═══ PROVIDED INFORMATION

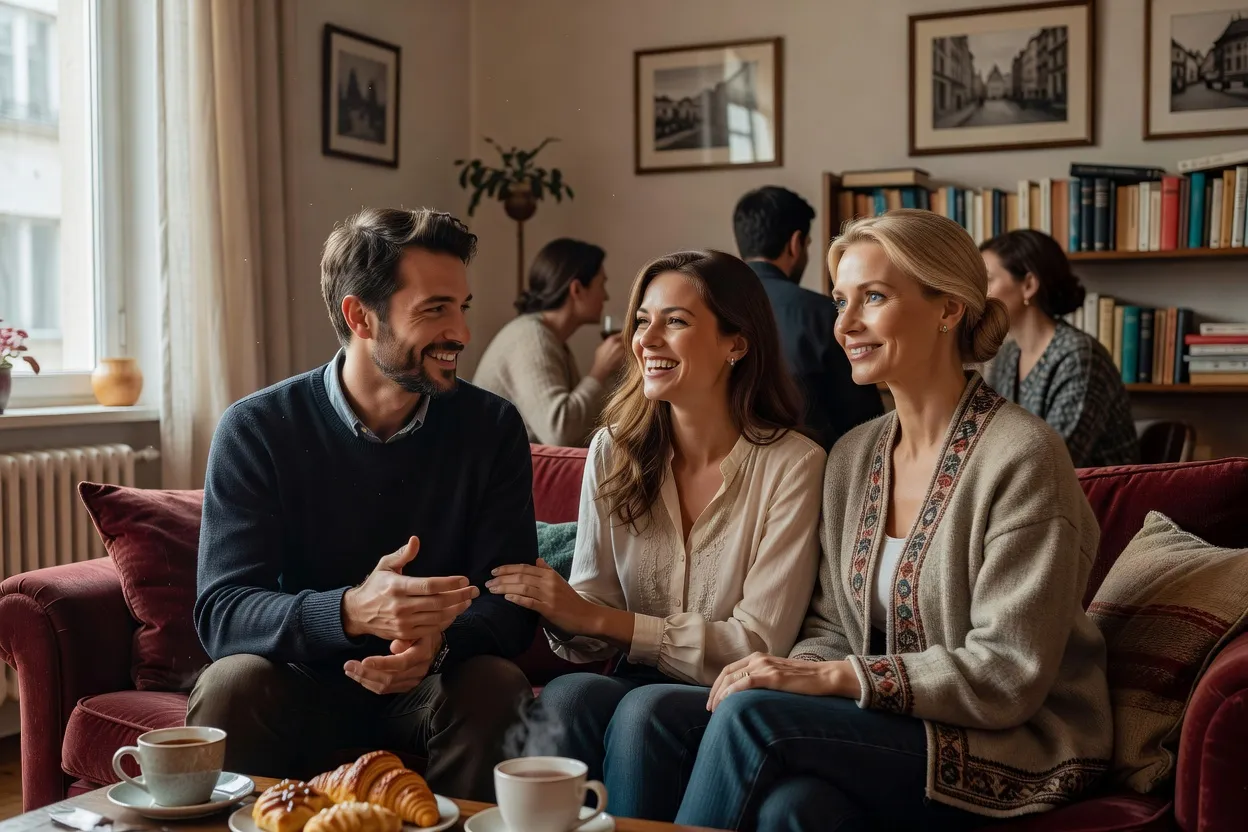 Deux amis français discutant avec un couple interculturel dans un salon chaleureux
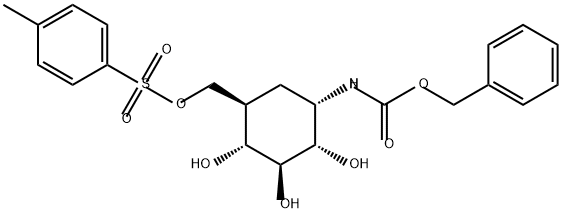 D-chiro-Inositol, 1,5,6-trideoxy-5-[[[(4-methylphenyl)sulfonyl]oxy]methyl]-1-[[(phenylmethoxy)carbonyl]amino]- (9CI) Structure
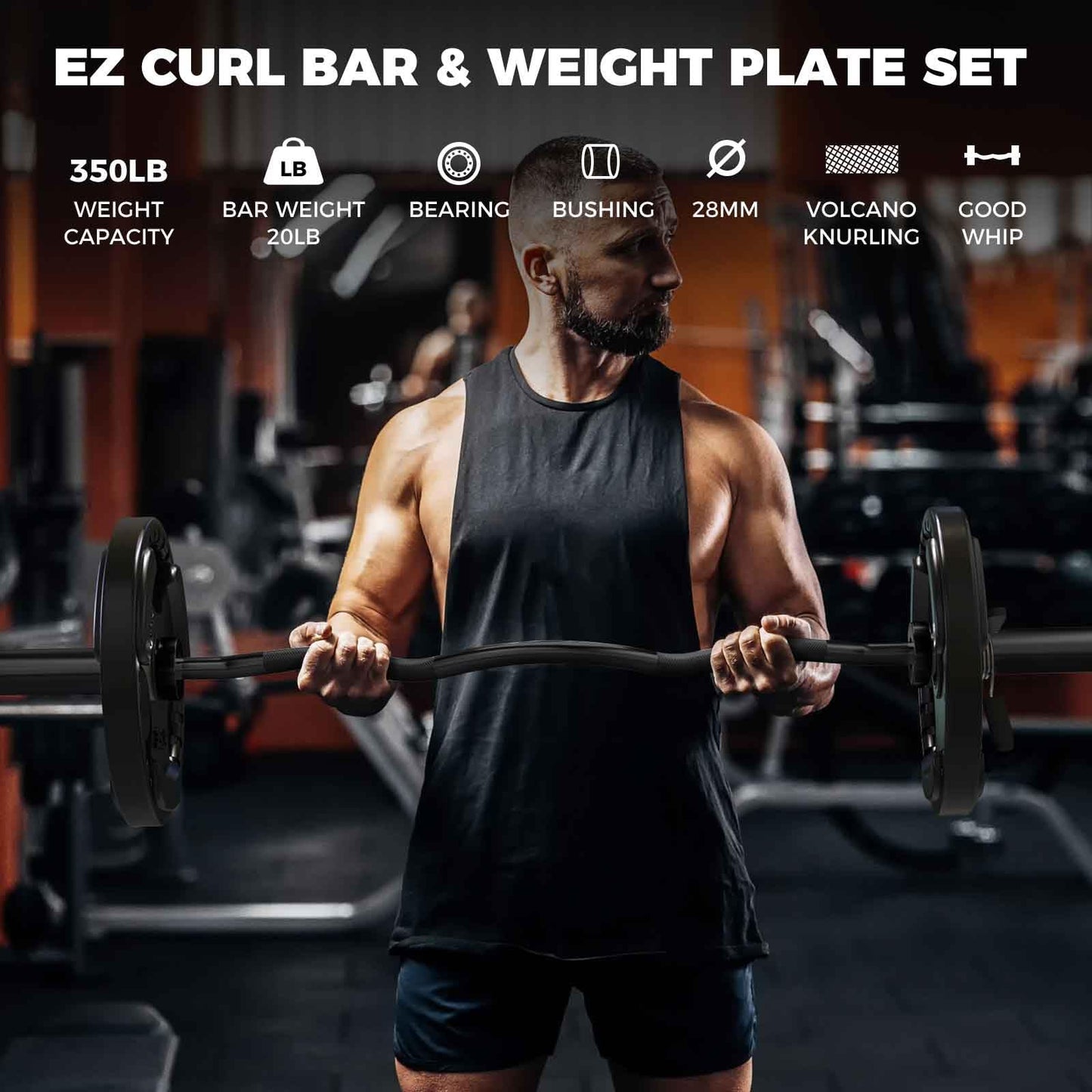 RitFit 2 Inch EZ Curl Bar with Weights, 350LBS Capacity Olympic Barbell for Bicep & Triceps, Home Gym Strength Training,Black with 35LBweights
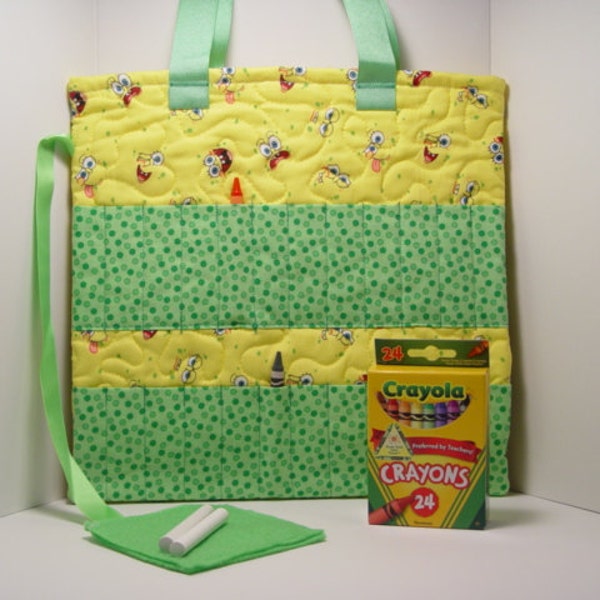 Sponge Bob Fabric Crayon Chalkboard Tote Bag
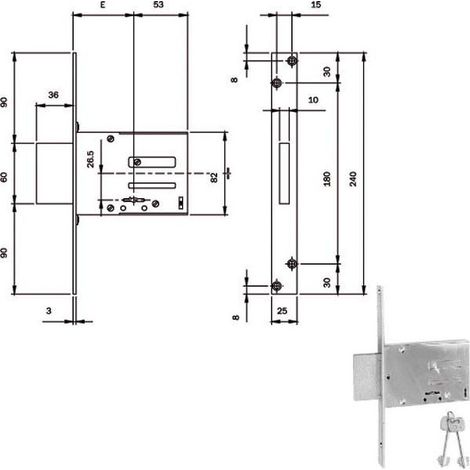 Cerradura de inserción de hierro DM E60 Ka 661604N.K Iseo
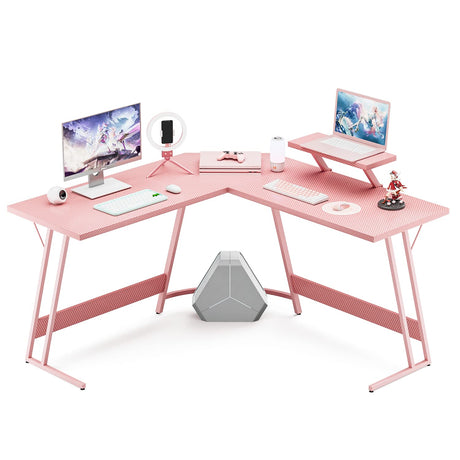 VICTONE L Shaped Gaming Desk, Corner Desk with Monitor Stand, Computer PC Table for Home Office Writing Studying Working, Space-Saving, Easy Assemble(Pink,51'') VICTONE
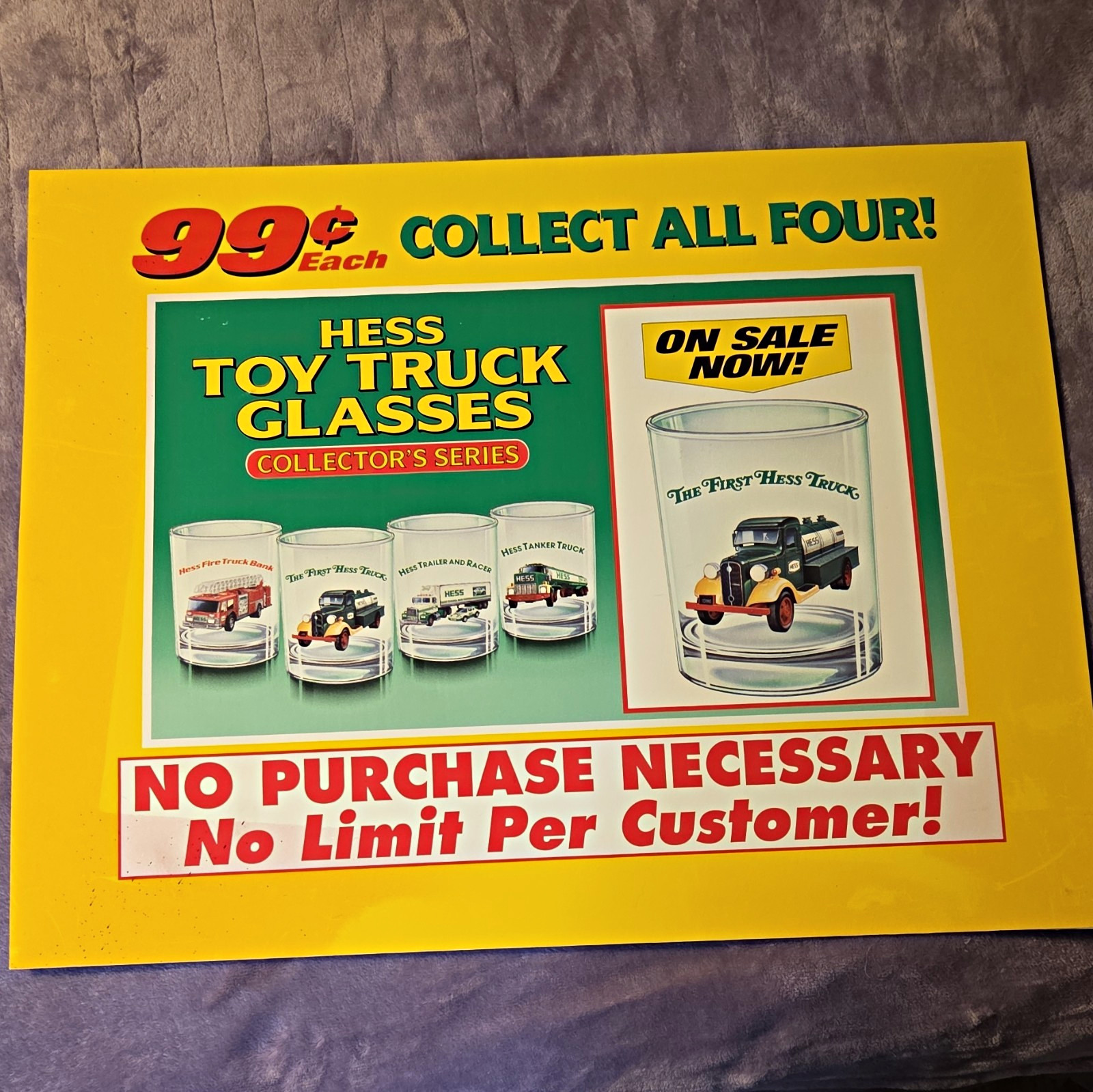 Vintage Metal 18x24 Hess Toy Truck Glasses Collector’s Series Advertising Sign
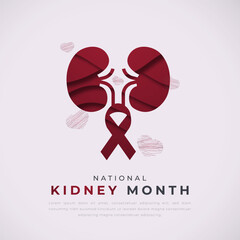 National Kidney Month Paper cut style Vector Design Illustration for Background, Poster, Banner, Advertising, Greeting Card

══════

= YOUR TASK =
If a record above holds a picture, leave the picture out and write out everything else exactly.

= SOLUTION TO THIS TASK =
 Deux amis français discutant avec un couple interculturel dans un salon chaleureux
 D-chiro-Inositol, 1,5,6-trideoxy-5-[[[(4-methylphenyl)sulfonyl]oxy]methyl]-1-[[(phenylmethoxy)carbonyl]amino]- (9CI) Structure
 RitFit 2 Inch EZ Curl Bar with Weights, 350LBS Capacity Olympic Barbell for Bicep & Triceps, Home Gym Strength Training,Black with 35LBweights
 Sponge Bob Fabric Crayon Chalkboard Tote Bag
 Cerradura de inserción de hierro DM E60 Ka 661604N.K Iseo
 VICTONE L Shaped Gaming Desk, Corner Desk with Monitor Stand, Computer PC Table for Home Office Writing Studying Working, Space-Saving, Easy Assemble(Pink,51'') VICTONE
 Vintage Metal 18x24 Hess Toy Truck Glasses Collector’s Series Advertising Sign
 National Kidney Month Paper cut style Vector Design Illustration for Background, Poster, Banner, Advertising, Greeting Card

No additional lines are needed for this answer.